Brian war damals als Manager für einen weltweit tätigen Chemiekonzern unterwegs. Das Ehepaar wanderte schliesslich in die Schweiz aus, Shirin folgte ihnen später und schloss Land und Landschaft sofort ins Herz: Hier findet sie es ganz «entzückend» und war zunächst als Kaffee-Expertin bei Nespresso angestellt.
Brian – der vermeintlich Tee trinkende Brite – lernte durch Shirin die wahre Liebe zum Kaffee kennen und ging bei ihr sozusagen in die Lehre: Dabei entdeckte der studierte Chemiker, der bisher auf Bohrinseln mit Schwermaschinen gearbeitet hatte, seine Leidenschaft für die feingliedrigen Röstmaschinen. Hier öffnete sich ihm ein neues interessantes Geschäftsfeld. Schliesslich beschlossen beide, ihren eigenen Kaffeevertrieb samt Rösterei aufzubauen.
Hilfe beim Businessplan
Beim Business Parc in Reinach bekamen sie eine kostenlose Gründungsberatung und erarbeiteten zusammen mit ihrem Coach einen umfassenden Business Plan. (Brians Frau war hier bereits mit ihrer Innen-Design-Beratungsfirma erfolgreich in die Selbständigkeit begleitet worden.)
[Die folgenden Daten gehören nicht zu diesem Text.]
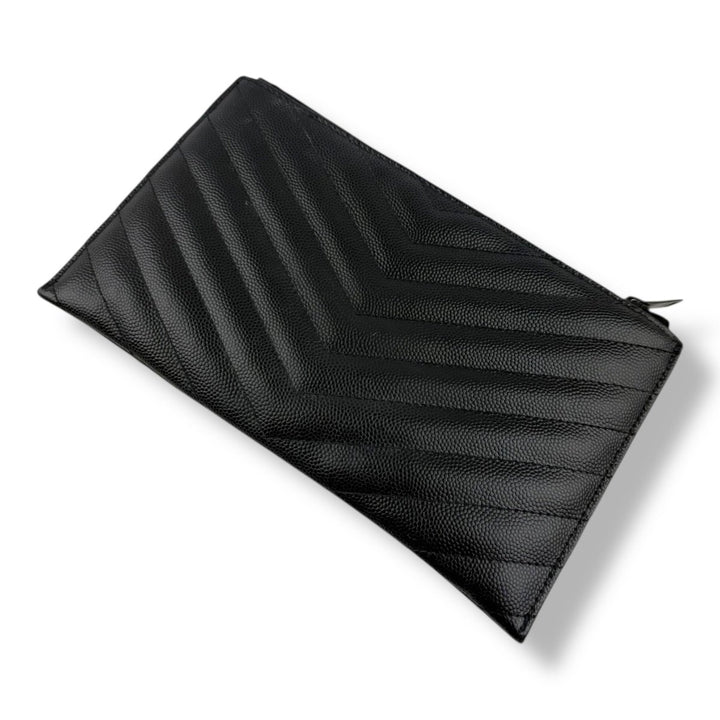 Saint Laurent Cassandre Black Calfskin Leather Pouch Clutch Bag - Lux Central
Auf dem Industriegelände der ehemaligen Papiermühle («alti Papiri») in Zwingen hat sich das Power-Duo in einer Fabrikhalle eingerichtet, die Maschinen und Geräte selbst finanziert. Das Umfeld ist optimal: So fällt genügend Licht durch die hohen Fenster. Zudem haben sie den nötigen baulichen Freiraum, konnten z.B. ihre eigenen Wände hochziehen. Auch bei der Miete ist ihnen der neue Eigentümer des Gewerbe-Areals entgegengekommen.
Keine Bohne wie die andere
Bis der Kaffee in der Tasse landet, hat er einige Produktionsschritte und Transportwege hinter sich. «Entsprechend viele Möglichkeiten gibt es zur individuellen geschmacklichen Entfaltung», betont Shirin. Keine Bohne gleicht der anderen. Beispielsweise ist der Reifegrad der Pflanze bzw. Frucht entscheidend für die Verarbeitung und für den späteren Säuregehalt. Das Aroma hängt bereits von der Sonneneinwirkung und Feuchtigkeit des Landes ab, in dem die Bohnen wachsen, von der Beschaffenheit der Erde, den Erntetechniken der Kaffeebauern und vielen weiteren Faktoren.
Genauso wichtig sind später die Licht- und Temperaturverhältnisse des Raumes, indem sie geröstet werden. Dabei gilt es, die unterschiedliche Dichte und Grösse zu berücksichtigen. Weiter prägen die Zubereitung in einer Espresso-Maschine oder gemahlen und mit Filterpapier gekocht den Geschmack des Kaffees.